Au temps de l’empereur Léon et même au temps plus rapproché de nous des grandes républiques italiennes, quand la chiourme était libre, tous les rameurs devenaient au besoin des combattans. Ils se présentaient armés de pied en cap, portant boucliers, casques et cuirasses, brassards et cuissards : on leur donnait des javelots pour le combat à distance, des piques et des épées pour le combat corps à corps. Si les armures de fer venaient à manquer, on y suppléait par un justaucorps de buffle recouvert d’un fort tissu de cordes à boyau. Le dromon avait aussi ses archers et ses lithoboles. « Le caillou est une fort bonne arme, » observe, dans un des paragraphes de ses Institutions militaires, l’empereur Léon le Sage, qui ne semble pas avoir fait en personne l’épreuve de ses prescriptions : fort bonne peut-être avant l’invention de la poudre, mais la carraque de la Mecque, incendiée par Vasco de Gama à l’entrée de la Mer-Rouge et le galion de Manille assailli par Cavendish dans l’Océan-Pacifique apprendront à leurs dépens que les lithotioles, avec leur fameux cochlax, ne sont pas de taille à tenir tête à des bombardiers.
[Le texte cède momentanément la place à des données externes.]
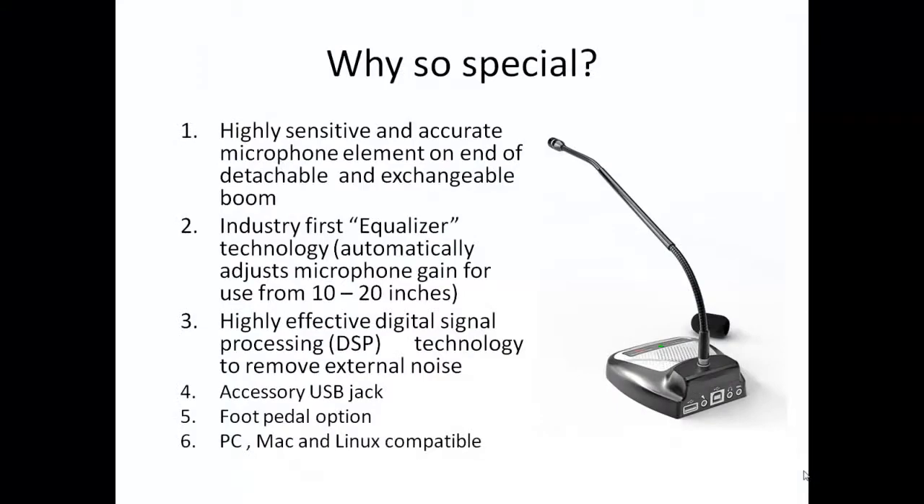So why is this microphone so special? Putting it all together, we feel there are three features that truly make this a unique product for the speech recognition user. First is the highly sensitive and accurate microphone element. Second is the equalizer technology that automatically adjusts the gain to allow use from a variety of working distances from the microphone element. But perhaps most important is the highly effective digital signal processing or noise cancelling algorithms which seem to make external noise literally melt away and not affect dictation.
Les Sarrasins eux-mêmes, dès le IXe siècle, ne se laisseront guère intimider par ces éclats de pierre. Ils croiseront leurs boucliers au-dessus de leurs têtes, recevront l’averse sur ce toit imité de la tortue romaine et attaqueront ensuite avec leurs épées et avec leurs longues piques des gens dont le bras se sera inutilement fatigué.

Au XVIe et au XVIIe siècle, les armes offensives se composaient d’arquebuses, de hallebardes, de masses d’armes, de piques et d’épées. L’épée à deux mains produisait, sur une arène aussi étroite et aussi encombrée que l’était le pont d’une galère, d’épouvantables ravages. On vit, à la journée de Lépante, le vieux Canale sauter de galère en galère et faire, à l’aide de son espadon, de larges abatis de Turcs devant lui. En fait d’armes défensives, les officiers portaient généralement la rondelle ou la targe, le jaque de mailles, avec le cabasset. On donnait aussi aux mariniers, — je dis aux mariniers et non pas à la chiourme, — cabasset et rondelle. Quant aux forçats, à moins qu’on ne les déferrât, comme on le fit à Lépante pour la majeure partie des esclaves chrétiens, ils restaient, entièrement désarmés, à leurs bancs, obligés d’étouffer leurs cris d’effroi et de douleur en enfonçant, sous la menace du fouet de l’argousin, leurs bonnets, — i barettini, — ou le tap, — morceau carré de liège, — dans leur bouche.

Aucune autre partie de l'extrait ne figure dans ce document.